LE SOL tremble. Les conduites de gaz se rompent. Les bâtiments s’écroulent. Des incendies éclatent. Le dernier tremblement de terre de Los Angeles? Non. Nous sommes le 18 avril 1906, à San Francisco. Ce séisme, ainsi que les incendies qui feront rage pendant trois jours, détruiront 512 pâtés de maisons au centre ville et feront quelque 700 morts.
Comment expliquer ces catastrophes?
Les sismologues avancent comme explication la théorie de la tectonique des plaques: la croûte terrestre repose sur une vingtaine de plaques rocheuses rigides qui bougent lentement, glissant latéralement l’une contre l’autre et, en certains endroits, l’une sous l’autre. La plaque Pacifique glisse vers le nord contre la plaque nord-américaine. La zone de coulissage entre ces deux plaques est appelée faille de San Andreas. Orientée nord-sud, cette faille s’étend sur plus de 1 000 kilomètres, partant du fond du Golfe de Californie pour disparaître dans l’océan Pacifique près de San Francisco.

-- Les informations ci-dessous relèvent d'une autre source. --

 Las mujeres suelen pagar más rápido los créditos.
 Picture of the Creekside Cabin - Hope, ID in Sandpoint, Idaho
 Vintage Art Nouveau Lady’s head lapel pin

Ces plaques bougent très lentement: quelques centimètres par an, soit la vitesse de pousse des ongles. Au fil des ans, des tensions s’accumulent quand les plaques collent l’une à l’autre, tandis qu’elles veulent coulisser. La soudure risque de céder dans une débauche de violence.

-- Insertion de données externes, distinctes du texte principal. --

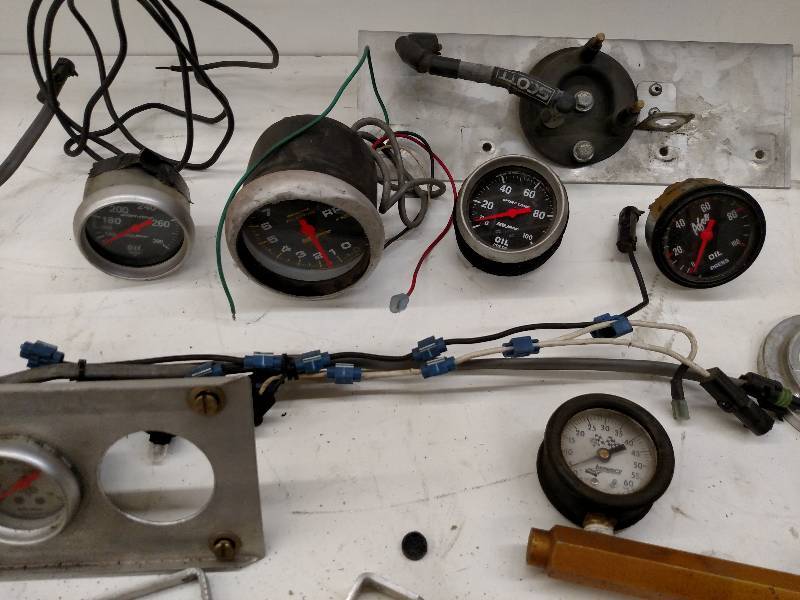 lot 292 image: Asstd Gauges & Misc....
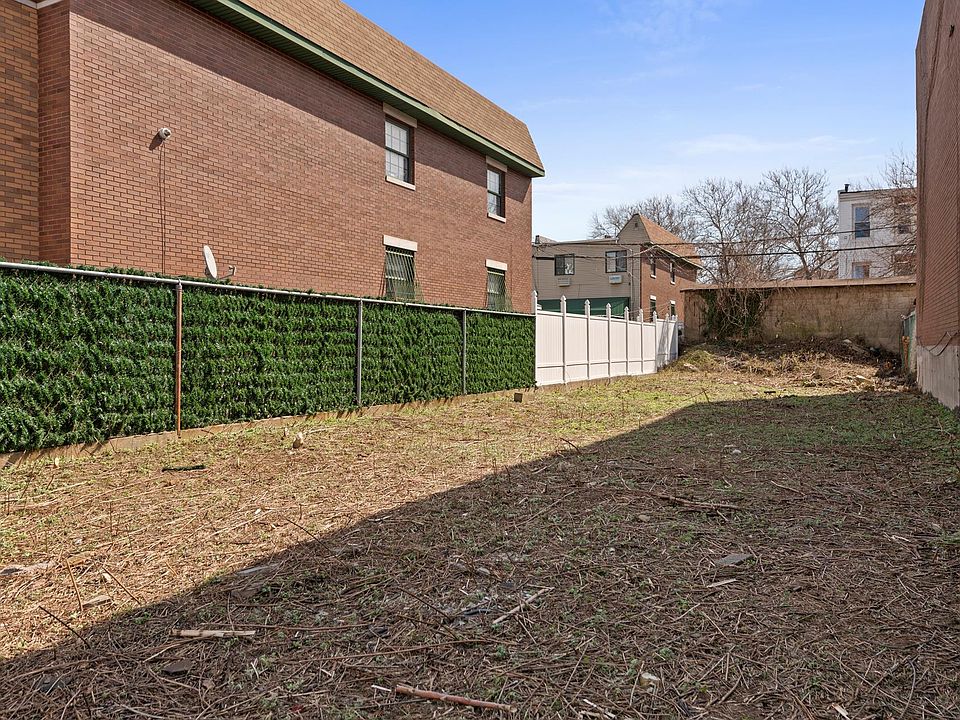 1st image of 300 Chauncey St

La faille de San Andreas passe à 53 kilomètres au nord-est de Los Angeles et entre dans l’océan Pacifique près de San Francisco. Faut-il donc s’étonner que les Californiens redoutent ce qu’ils appellent le Big One (le Grand)?
San Francisco
Depuis le séisme de 1906, l’extrémité nord de la faille de San Andreas était restée relativement calme. Mais le 17 octobre 1989, à 17 h 4, alors que 50 millions d’Américains rivés devant leur poste de télévision suivaient le championnat national de base-ball retransmis depuis San Francisco, les caméras se sont mises à danser. À une centaine de kilomètres au sud de la ville, les deux bords de la faille de San Andreas avaient brusquement coulissé, provoquant un séisme qui allait tuer 63 personnes, détruire des autoroutes, écraser des voitures et faire des milliers de sans-abri. Ce tremblement de terre était cependant bien moins puissant que le Big One tant redouté, qui devrait atteindre une magnitude de 8a.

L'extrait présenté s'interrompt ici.